> _TASK TO COMPLETE_
Output only the lines from the start of the entries through the line holding "Aerial view Clouds". Each line must match the original exactly.

> _MATERIAL TO PROCESS_
BEGIN

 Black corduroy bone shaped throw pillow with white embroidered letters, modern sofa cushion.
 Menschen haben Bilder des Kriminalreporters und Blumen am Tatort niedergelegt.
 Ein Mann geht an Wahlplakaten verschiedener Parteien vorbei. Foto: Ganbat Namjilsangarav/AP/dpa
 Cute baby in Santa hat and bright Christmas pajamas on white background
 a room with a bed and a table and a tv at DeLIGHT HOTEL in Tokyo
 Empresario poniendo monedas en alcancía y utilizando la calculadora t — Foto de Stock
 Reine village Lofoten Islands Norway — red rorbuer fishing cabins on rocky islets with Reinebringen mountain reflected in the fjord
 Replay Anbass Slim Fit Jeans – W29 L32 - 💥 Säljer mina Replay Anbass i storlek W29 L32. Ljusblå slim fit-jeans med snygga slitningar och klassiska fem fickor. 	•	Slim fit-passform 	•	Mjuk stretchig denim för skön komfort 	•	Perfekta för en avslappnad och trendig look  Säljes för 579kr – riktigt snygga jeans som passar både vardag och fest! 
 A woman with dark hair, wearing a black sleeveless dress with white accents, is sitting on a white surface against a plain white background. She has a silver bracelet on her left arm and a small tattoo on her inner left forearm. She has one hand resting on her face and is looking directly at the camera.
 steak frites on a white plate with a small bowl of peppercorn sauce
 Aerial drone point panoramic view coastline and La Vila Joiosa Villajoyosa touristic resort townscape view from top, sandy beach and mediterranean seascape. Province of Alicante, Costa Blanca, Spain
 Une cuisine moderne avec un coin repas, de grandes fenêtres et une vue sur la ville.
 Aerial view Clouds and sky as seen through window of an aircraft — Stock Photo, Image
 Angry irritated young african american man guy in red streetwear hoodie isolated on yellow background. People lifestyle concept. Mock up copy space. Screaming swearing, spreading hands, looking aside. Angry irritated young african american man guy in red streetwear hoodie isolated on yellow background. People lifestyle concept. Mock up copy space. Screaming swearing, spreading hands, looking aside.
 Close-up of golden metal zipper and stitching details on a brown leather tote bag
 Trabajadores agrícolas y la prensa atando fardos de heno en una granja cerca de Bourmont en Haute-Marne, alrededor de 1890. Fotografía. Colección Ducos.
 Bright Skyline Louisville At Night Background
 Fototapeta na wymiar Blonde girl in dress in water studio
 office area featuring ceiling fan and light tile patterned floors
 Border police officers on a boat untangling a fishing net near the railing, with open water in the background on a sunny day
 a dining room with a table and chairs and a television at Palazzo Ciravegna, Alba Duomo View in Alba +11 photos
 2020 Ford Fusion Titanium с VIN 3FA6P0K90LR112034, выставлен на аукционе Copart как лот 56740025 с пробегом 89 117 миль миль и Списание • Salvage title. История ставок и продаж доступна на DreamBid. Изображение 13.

END

> _RESULT_
 Black corduroy bone shaped throw pillow with white embroidered letters, modern sofa cushion.
 Menschen haben Bilder des Kriminalreporters und Blumen am Tatort niedergelegt.
 Ein Mann geht an Wahlplakaten verschiedener Parteien vorbei. Foto: Ganbat Namjilsangarav/AP/dpa
 Cute baby in Santa hat and bright Christmas pajamas on white background
 a room with a bed and a table and a tv at DeLIGHT HOTEL in Tokyo
 Empresario poniendo monedas en alcancía y utilizando la calculadora t — Foto de Stock
 Reine village Lofoten Islands Norway — red rorbuer fishing cabins on rocky islets with Reinebringen mountain reflected in the fjord
 Replay Anbass Slim Fit Jeans – W29 L32 - 💥 Säljer mina Replay Anbass i storlek W29 L32. Ljusblå slim fit-jeans med snygga slitningar och klassiska fem fickor. 	•	Slim fit-passform 	•	Mjuk stretchig denim för skön komfort 	•	Perfekta för en avslappnad och trendig look  Säljes för 579kr – riktigt snygga jeans som passar både vardag och fest! 
 A woman with dark hair, wearing a black sleeveless dress with white accents, is sitting on a white surface against a plain white background. She has a silver bracelet on her left arm and a small tattoo on her inner left forearm. She has one hand resting on her face and is looking directly at the camera.
 steak frites on a white plate with a small bowl of peppercorn sauce
 Aerial drone point panoramic view coastline and La Vila Joiosa Villajoyosa touristic resort townscape view from top, sandy beach and mediterranean seascape. Province of Alicante, Costa Blanca, Spain
 Une cuisine moderne avec un coin repas, de grandes fenêtres et une vue sur la ville.
 Aerial view Clouds and sky as seen through window of an aircraft — Stock Photo, Image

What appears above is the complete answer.